GRANT: This type of habitat where there’s really narrow band of cover – right on the other side of this wood line is an open pasture. So, we’ve got just a – I don’t know – 40, 50 feet wide narrow band of cover and I call that a predator food plot.

GRANT: In a cover zone left next to an ag field that’s really small or a stream side management zone left in southern timber practices, a coyote, raccoon, whatever, can walk on the downwind side and smell every hen, every fawn, whatever in here. So, it becomes a predator feeding area.

GRANT: Of course, it’s the only cover around and turkeys are gonna nest there and does are gonna drop fawns here but the success rate or survival rate can be very low.

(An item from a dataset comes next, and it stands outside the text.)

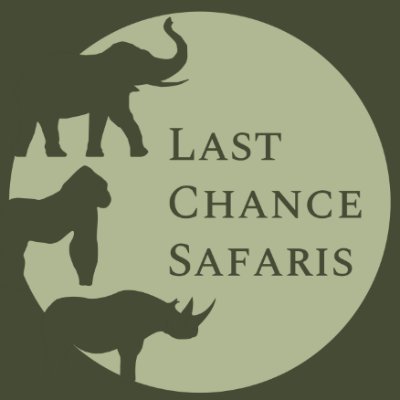 Curated African safaris crafted for unforgettable adventures. Experience. Awareness. Conservation.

GRANT: I would rather crop a portion of this; take this same amount of acreage – it’s a long strip down through here – and take the back corner of that field; get a couple acres – 3, 4 acres, whatever – where I’ve got now, a big block where the wind isn’t going through the whole thing so easily and the hen nesting in there or fawns dropping in there aren’t as obvious to predators walking on the downwind side as this narrow strip.

GRANT: Same acreage – not asking the farmer to give up any more, but putting it in a block, versus a long, narrow strip will have a much higher success of poult and fawn survival.

GRANT: After a fun day, I’m very confident the boys at Mossy Oak Properties of the Heartland will do a great job not only of managing these properties, but sharing these tips with future landowners.

GRANT: Whether you’re out evaluating some habitat or simply taking a walk outdoors somewhere, I hope you take time to kind of decompress, reduce your stress, and you’ll probably age a little bit better just like deer.

GRANT: But most importantly, take time every day to be quiet and listen to what the Creator is saying to you. Thanks for watching GrowingDeer.